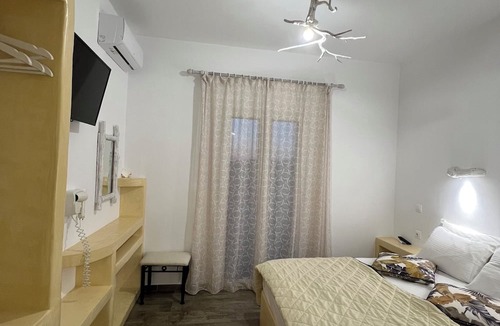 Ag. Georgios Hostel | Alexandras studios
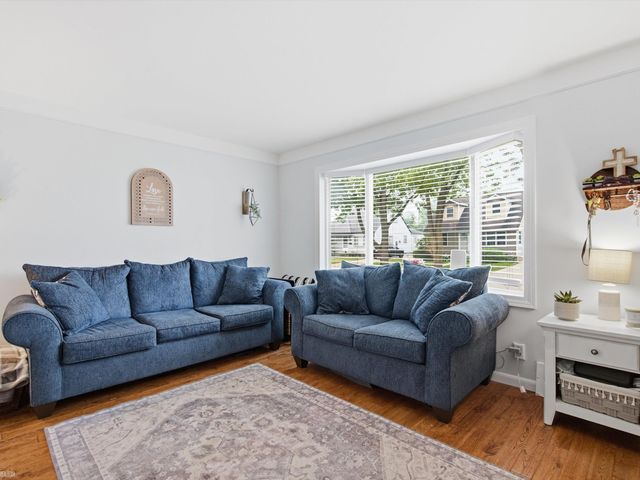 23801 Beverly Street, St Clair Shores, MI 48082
::::
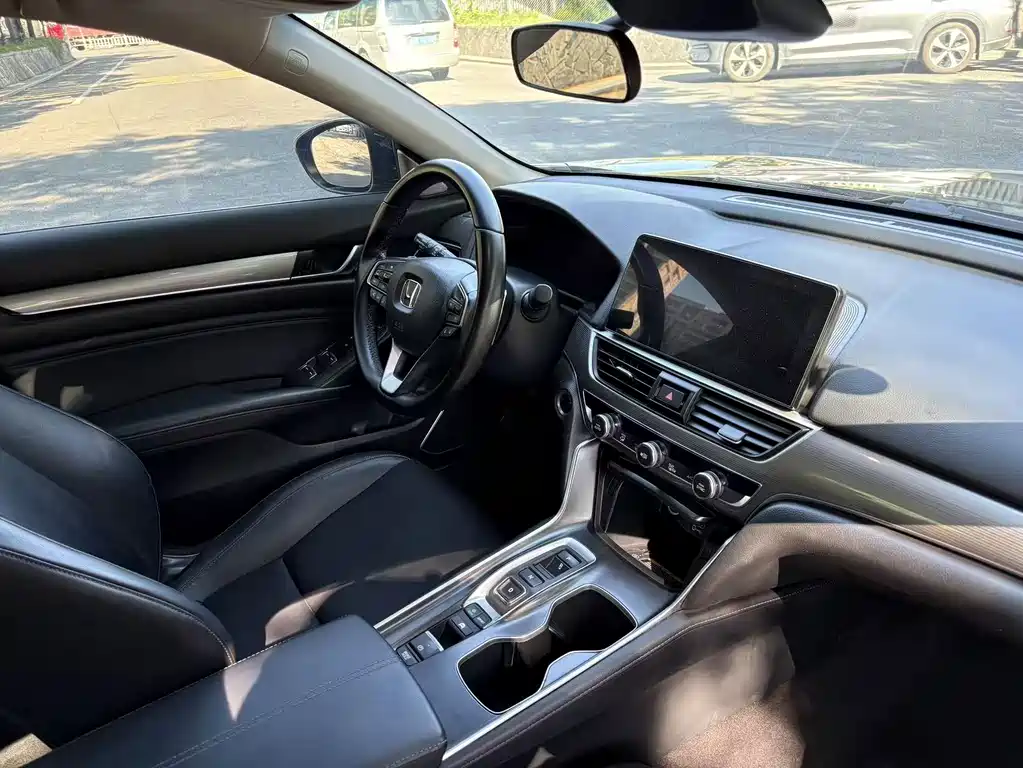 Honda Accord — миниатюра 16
::::
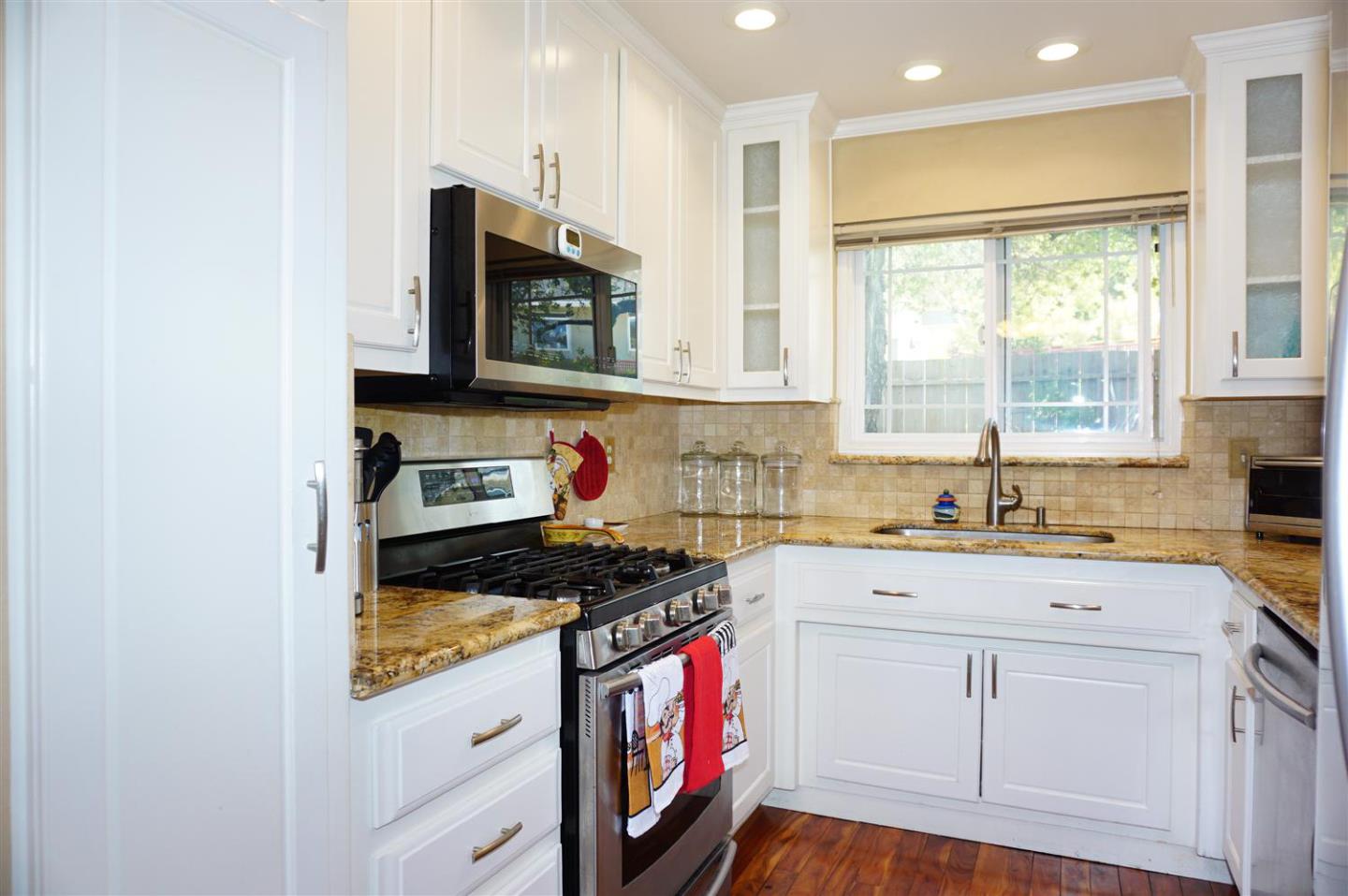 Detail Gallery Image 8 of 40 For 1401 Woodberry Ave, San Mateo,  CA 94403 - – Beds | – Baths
::::
» ASSIGNMENT: Output exactly the lines of the listing above that start with the one holding "Ag. Georgios Hostel | Alexandras studios" and go on through the one holding "23801 Beverly Street, St"; leave the pictures out.

» SOLUTION FOR THIS TASK:
 Ag. Georgios Hostel | Alexandras studios
 23801 Beverly Street, St Clair Shores, MI 48082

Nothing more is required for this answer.